* _Extracted records_
════════

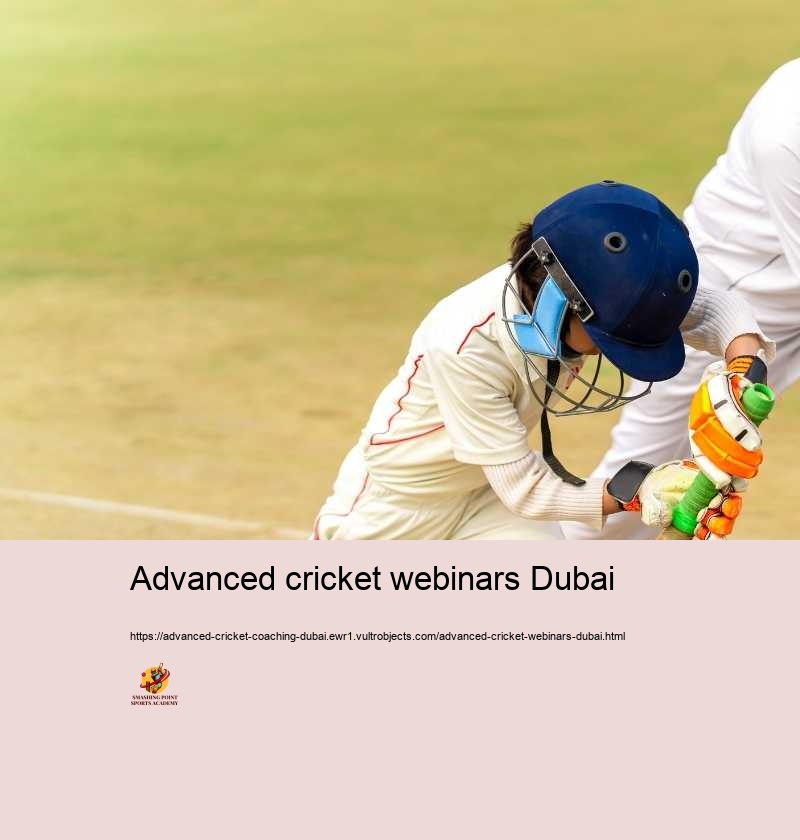 Advanced cricket webinars Dubai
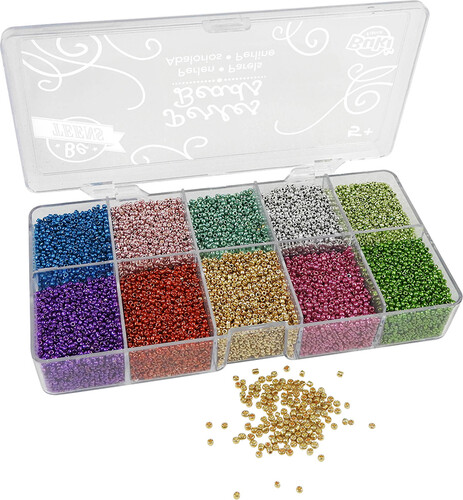 Buki Coffret de perles métalliques (fr/en) (Be Teens) 3700802103929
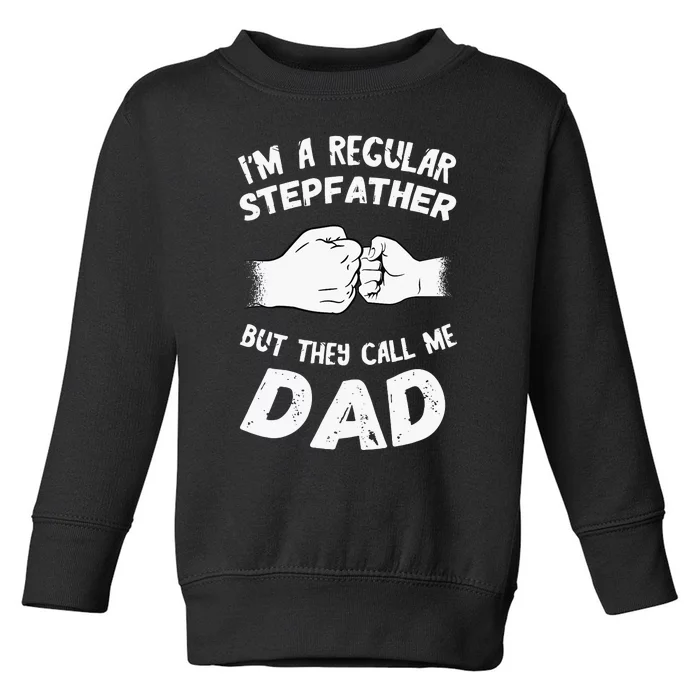 Fathers Day Handshake Fist Bump Step Father Cool Fatherhood Toddler Sweatshirt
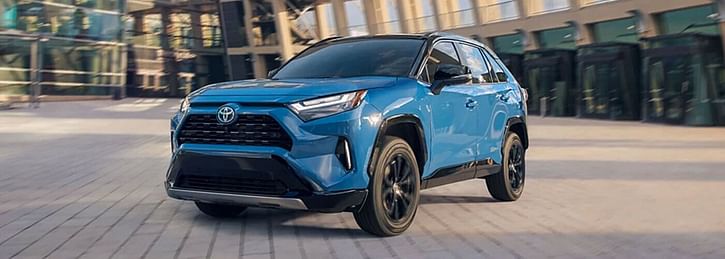 2022 RAV4 Hybrid in motion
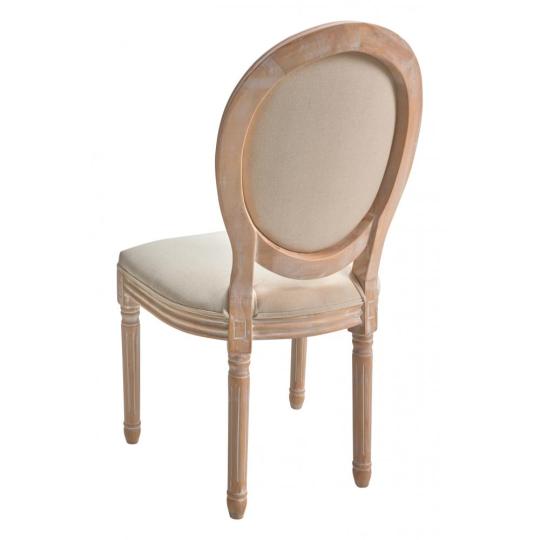 etkezoszek vintage stilusu kerek hattamla bezs karpitos szek fa butor olasz termek rusztikus klasszikus stilus elegans etkezo etterem szalloda butor lameridiana lakberendezes novita.jpg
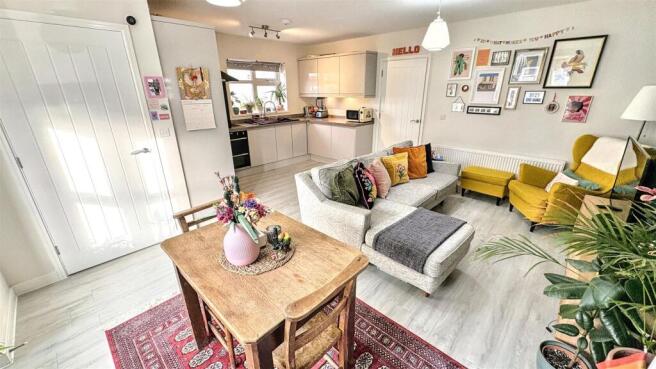 Open Plan Living/Dining and Kitchen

════════

* _Required work_
Please retype the data exactly as it appears, but without any of its pictures.

* _Result_
 Advanced cricket webinars Dubai
 Buki Coffret de perles métalliques (fr/en) (Be Teens) 3700802103929
 Fathers Day Handshake Fist Bump Step Father Cool Fatherhood Toddler Sweatshirt
 2022 RAV4 Hybrid in motion
 etkezoszek vintage stilusu kerek hattamla bezs karpitos szek fa butor olasz termek rusztikus klasszikus stilus elegans etkezo etterem szalloda butor lameridiana lakberendezes novita.jpg
 Open Plan Living/Dining and Kitchen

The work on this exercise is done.